## LISTED ENTRIES

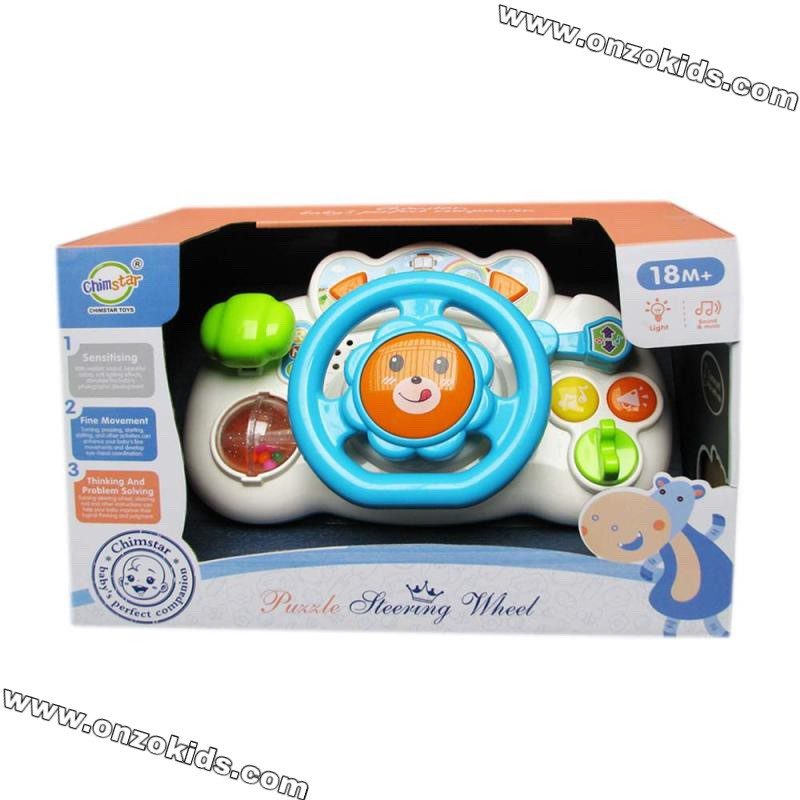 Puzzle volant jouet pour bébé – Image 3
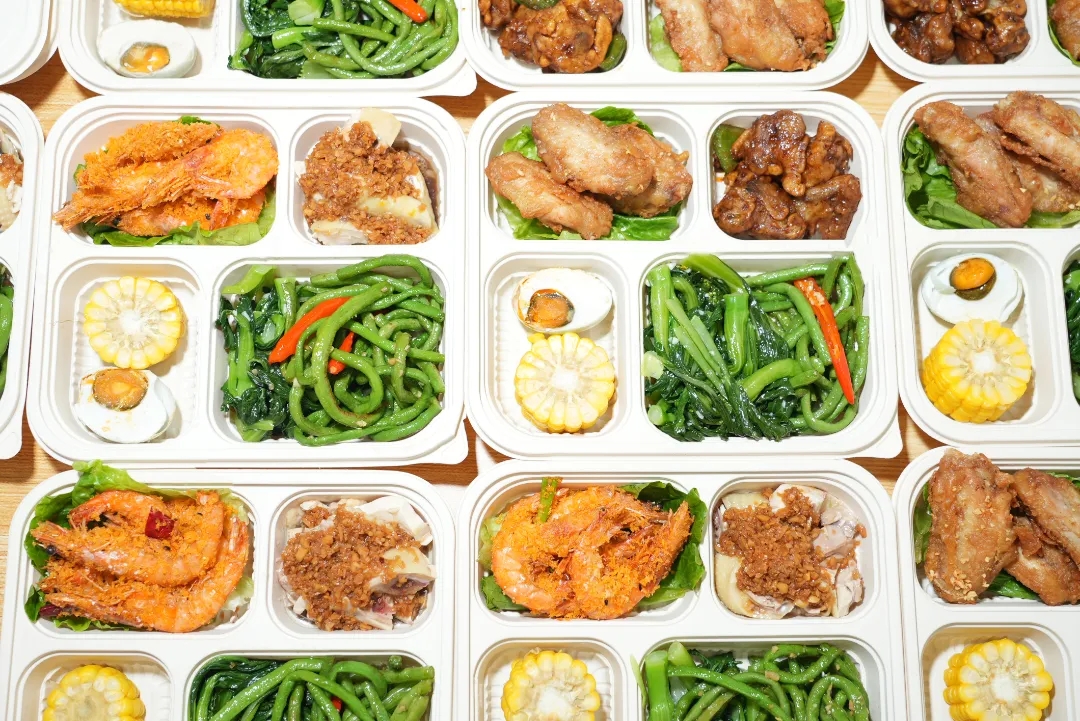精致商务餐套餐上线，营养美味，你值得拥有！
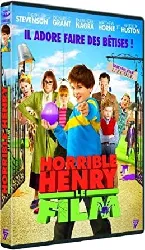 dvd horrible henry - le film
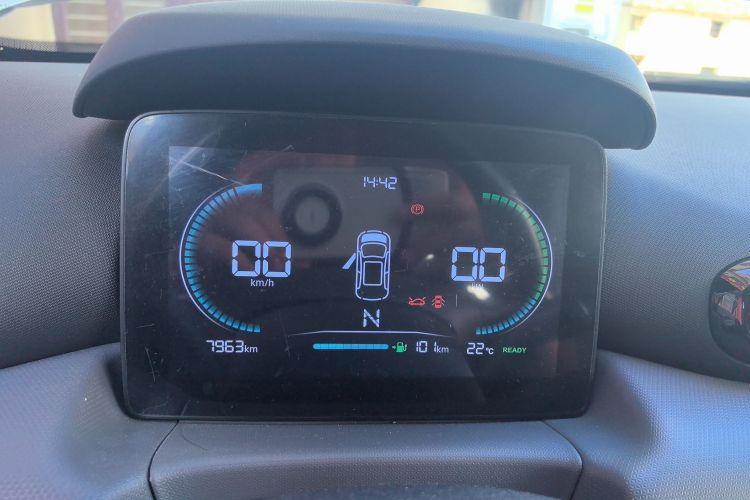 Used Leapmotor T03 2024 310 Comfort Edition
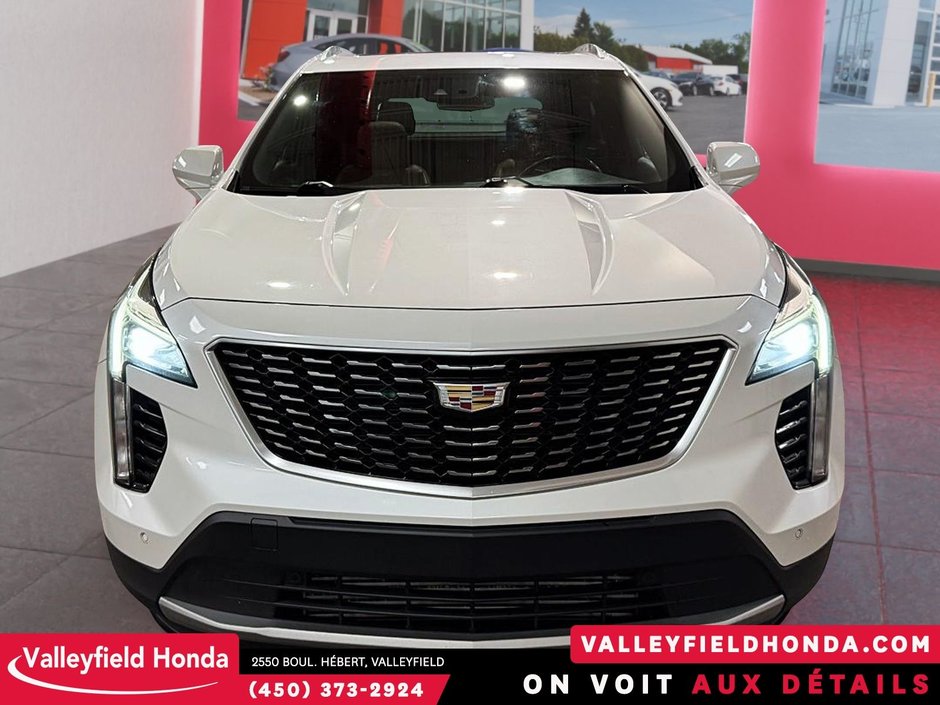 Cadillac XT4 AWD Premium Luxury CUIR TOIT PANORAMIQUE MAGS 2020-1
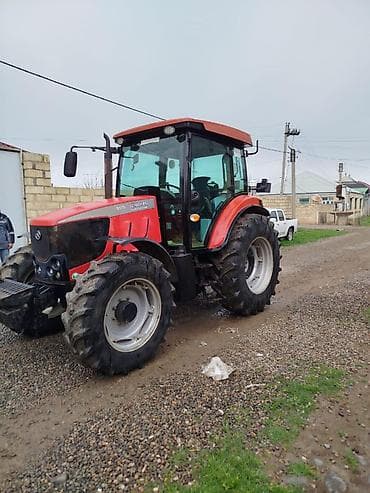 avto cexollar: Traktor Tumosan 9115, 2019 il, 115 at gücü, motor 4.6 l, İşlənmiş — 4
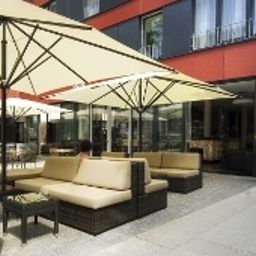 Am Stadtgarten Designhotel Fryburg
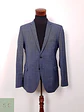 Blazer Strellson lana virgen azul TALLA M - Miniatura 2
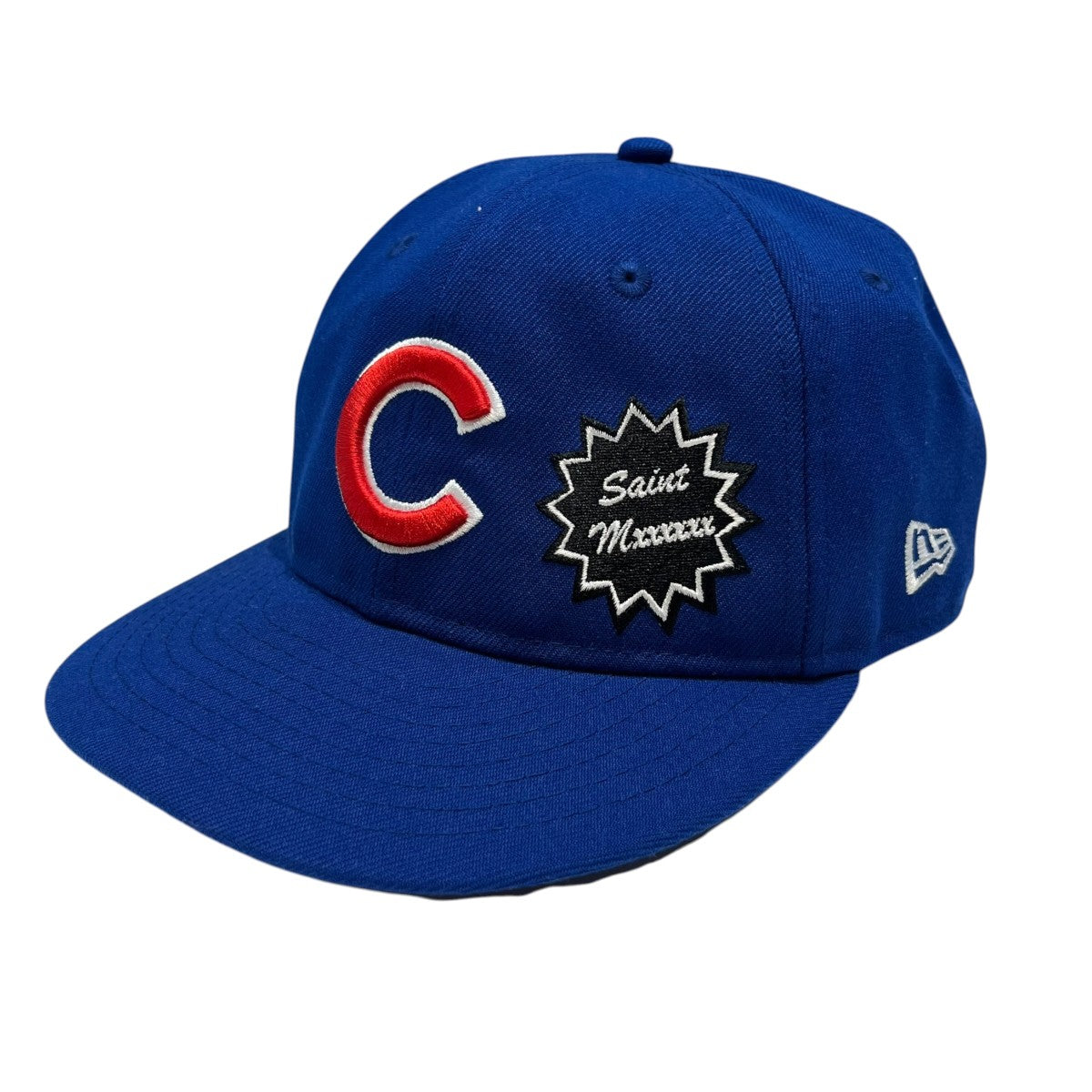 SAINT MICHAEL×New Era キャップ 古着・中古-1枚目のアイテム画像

## WHAT THE EXERCISE ASKS
An exact copy of the entries above is required, with the pictures left out.

## ANSWER BOX
 Puzzle volant jouet pour bébé – Image 3
精致商务餐套餐上线，营养美味，你值得拥有！
 dvd horrible henry - le film
 Used Leapmotor T03 2024 310 Comfort Edition
 Cadillac XT4 AWD Premium Luxury CUIR TOIT PANORAMIQUE MAGS 2020-1
 avto cexollar: Traktor Tumosan 9115, 2019 il, 115 at gücü, motor 4.6 l, İşlənmiş — 4
 Am Stadtgarten Designhotel Fryburg
 Blazer Strellson lana virgen azul TALLA M - Miniatura 2
 SAINT MICHAEL×New Era キャップ 古着・中古-1枚目のアイテム画像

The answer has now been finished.